When to see a doctor

Some E. coli infections can be treated at home and go away on their own within a few days. However, people with this infection are advised to see a doctor immediately if they experience the following symptoms:

  • Diarrhea that doesn't get better after 4 days in adults or for 2 days in children
  • Vomiting for more than 12 hours
  • Symptoms of dehydration appear , such as decreased urine output, extreme thirst, or dizziness
  • Excreted stool mixed with pus or blood ( dysentery )

Escherichia coli infection diagnosis

The doctor will ask about the symptoms and physically examine the patient. After that, the doctor will examine the stool sample in the laboratory. Through this examination, the doctor can find out whether the stool contains E. coli or not.

Escherichia coli infection treatment

An E. coli infection usually clears up on its own within a few days. However, in patients who have severe diarrhea, doctors can give antibiotics .

However, antibiotics should not be given to patients suspected of being infected with STEC-type E. coli bacteria. This is because antibiotics can increase the production of Shiga poison , thereby exacerbating the symptoms experienced.

During recovery, it's important to rest and get enough fluids. In addition, eat soupy foods to replace lost body fluids due to vomiting and diarrhea.

Once you feel better, try eating low-fiber foods, such as crackers, bread or eggs. However, you should avoid dairy products and fatty foods, because they can make symptoms worse.

If the symptoms do not improve after taking antibiotics for 3 days, it is advisable to consult your doctor again. This can indicate that the infection is caused by bacteria that are resistant to antibiotics, such as ESBL-producing bacteria . Therefore, further examination needs to be done.

Complications Due to Escherichia Coli Infection

A small proportion of patients with STEC type E. coli can develop complications such as hemolytic uremic syndrome (HUS). This condition occurs due to toxins from the E.coli bacteria that flow in the blood vessels to the kidneys. As a result, patients can experience acute kidney failure , pancreatitis , seizures, and coma.

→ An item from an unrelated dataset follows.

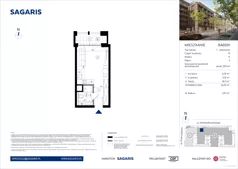1 pokój, mieszkanie 26,99 m², piętro 2, oferta nr BA0209, Niedziałkowskiego Park, Poznań, Wilda, ul. Niedziałkowskiego Park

These complications are more common in children aged 1-10 years and the elderly than adults.

Prevention of Escherichia coli infection

Adopting a clean lifestyle can prevent infection with the dangerous Escherichia coli bacteria. Here are some ways you can do this:

  • Wash hands after using the bathroom, after changing children's diapers, and before and after preparing food.
  • Wash your hands after touching animals or working in an environment with lots of animals, such as at a zoo or farm.
  • Make sure the items that touch the mouths of babies and toddlers, such as pacifiers and teethers , are clean.
  • If there is no water and soap, use a hand sanitizer that contains at least 60% alcohol to reduce germs on your hands.

In addition to some of the precautions above, you should cook meat thoroughly and wash all cooking utensils used, to prevent exposure to harmful E. coli bacteria from food.